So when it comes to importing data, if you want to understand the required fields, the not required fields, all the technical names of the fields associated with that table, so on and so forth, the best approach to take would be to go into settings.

...

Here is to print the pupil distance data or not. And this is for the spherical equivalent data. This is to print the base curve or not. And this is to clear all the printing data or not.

...

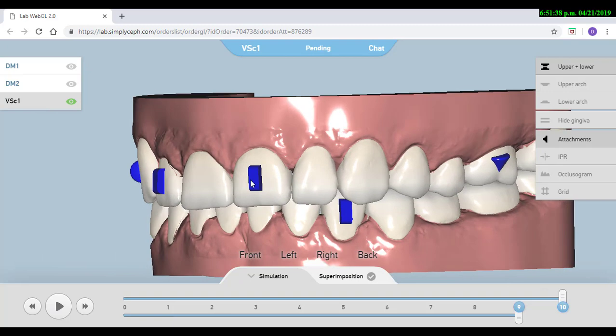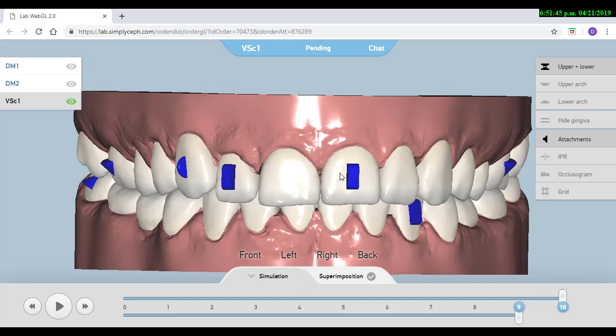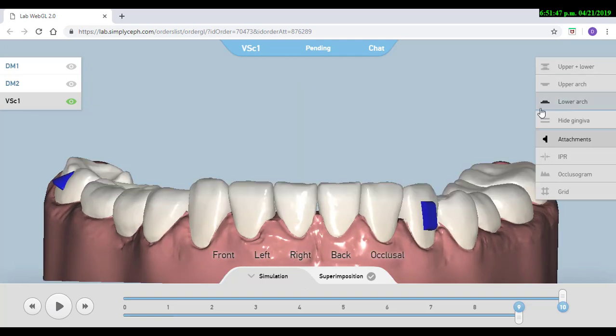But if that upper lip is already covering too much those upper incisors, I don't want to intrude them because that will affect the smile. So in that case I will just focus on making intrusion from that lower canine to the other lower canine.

● **The problem**:
All lines of the listing holding the string "data" must be returned, copied as they stand.

● **Exercise output**:
So when it comes to importing data, if you want to understand the required fields, the not required fields, all the technical names of the fields associated with that table, so on and so forth, the best approach to take would be to go into settings.
Here is to print the pupil distance data or not. And this is for the spherical equivalent data. This is to print the base curve or not. And this is to clear all the printing data or not.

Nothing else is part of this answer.